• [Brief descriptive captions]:
%%

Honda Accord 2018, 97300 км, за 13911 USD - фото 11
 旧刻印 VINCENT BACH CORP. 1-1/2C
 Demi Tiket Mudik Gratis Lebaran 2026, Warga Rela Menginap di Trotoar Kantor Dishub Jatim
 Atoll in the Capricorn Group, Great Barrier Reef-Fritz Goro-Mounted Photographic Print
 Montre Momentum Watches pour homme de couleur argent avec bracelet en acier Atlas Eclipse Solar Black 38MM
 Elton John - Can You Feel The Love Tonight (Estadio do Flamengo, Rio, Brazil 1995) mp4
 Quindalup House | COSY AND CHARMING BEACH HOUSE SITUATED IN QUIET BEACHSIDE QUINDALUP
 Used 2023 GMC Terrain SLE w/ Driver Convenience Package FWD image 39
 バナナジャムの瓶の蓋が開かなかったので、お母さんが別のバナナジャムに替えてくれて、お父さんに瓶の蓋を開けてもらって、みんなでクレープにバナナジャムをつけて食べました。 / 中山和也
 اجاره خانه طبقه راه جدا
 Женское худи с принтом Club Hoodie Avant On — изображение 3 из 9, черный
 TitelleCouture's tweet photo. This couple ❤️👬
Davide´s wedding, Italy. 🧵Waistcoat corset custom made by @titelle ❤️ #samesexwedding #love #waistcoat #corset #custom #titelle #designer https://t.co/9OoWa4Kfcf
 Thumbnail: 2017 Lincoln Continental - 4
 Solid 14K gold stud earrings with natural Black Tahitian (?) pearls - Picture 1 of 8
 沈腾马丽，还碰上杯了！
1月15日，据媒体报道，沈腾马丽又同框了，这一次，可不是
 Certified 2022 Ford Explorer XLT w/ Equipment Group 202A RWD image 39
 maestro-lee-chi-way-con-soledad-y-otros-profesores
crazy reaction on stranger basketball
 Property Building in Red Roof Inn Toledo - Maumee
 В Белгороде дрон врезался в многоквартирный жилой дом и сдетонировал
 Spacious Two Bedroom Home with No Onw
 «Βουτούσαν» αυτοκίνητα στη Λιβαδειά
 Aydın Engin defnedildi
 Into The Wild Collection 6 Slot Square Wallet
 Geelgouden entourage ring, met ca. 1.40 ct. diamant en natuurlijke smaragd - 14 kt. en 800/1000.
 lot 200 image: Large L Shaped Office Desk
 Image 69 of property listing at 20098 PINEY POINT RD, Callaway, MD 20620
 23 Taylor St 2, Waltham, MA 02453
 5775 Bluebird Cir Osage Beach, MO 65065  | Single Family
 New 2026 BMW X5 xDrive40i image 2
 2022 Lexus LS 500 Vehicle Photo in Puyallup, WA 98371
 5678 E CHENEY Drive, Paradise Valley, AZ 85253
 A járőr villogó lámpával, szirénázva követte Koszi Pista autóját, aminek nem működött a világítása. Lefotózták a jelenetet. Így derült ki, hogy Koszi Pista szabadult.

%%

• [WHAT TO DO]: This exercise asks for the line with "5678 E CHENEY" and all lines after it through the end of the records above, retyped exactly and with nothing else.

• [TASK ANSWER]:
 5678 E CHENEY Drive, Paradise Valley, AZ 85253
 A járőr villogó lámpával, szirénázva követte Koszi Pista autóját, aminek nem működött a világítása. Lefotózták a jelenetet. Így derült ki, hogy Koszi Pista szabadult.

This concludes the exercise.